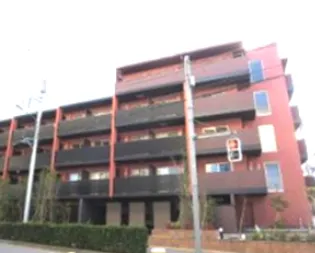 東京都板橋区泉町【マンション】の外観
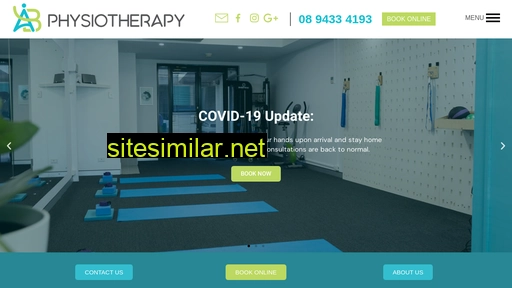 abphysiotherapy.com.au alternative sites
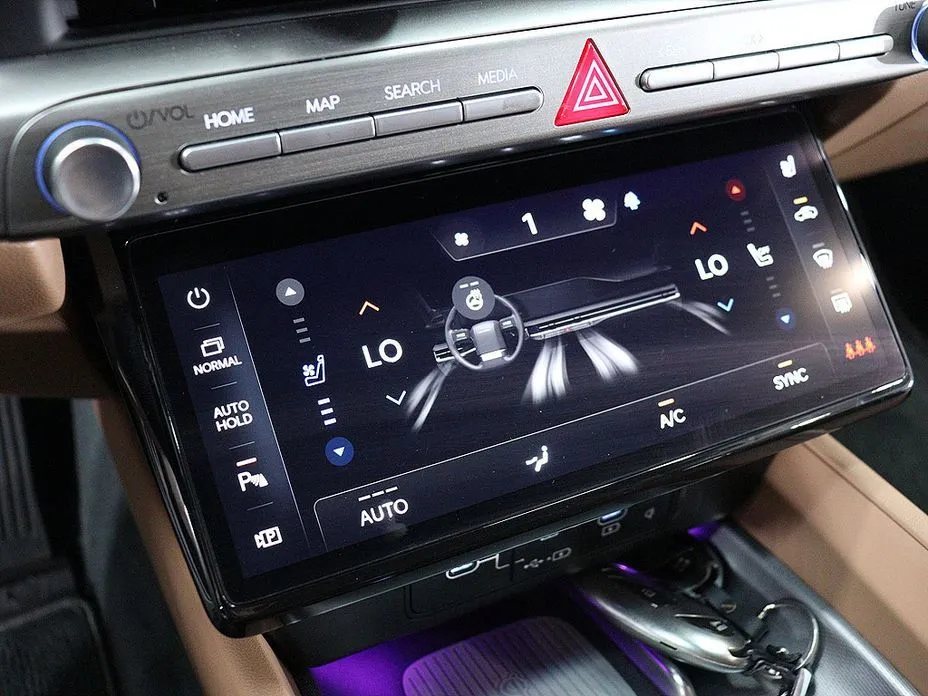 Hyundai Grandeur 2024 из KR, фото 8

● **Problem requirements**:
Copy out all the data above exactly, minus the images.

● **Task response**:
 東京都板橋区泉町【マンション】の外観
 abphysiotherapy.com.au alternative sites
 Hyundai Grandeur 2024 из KR, фото 8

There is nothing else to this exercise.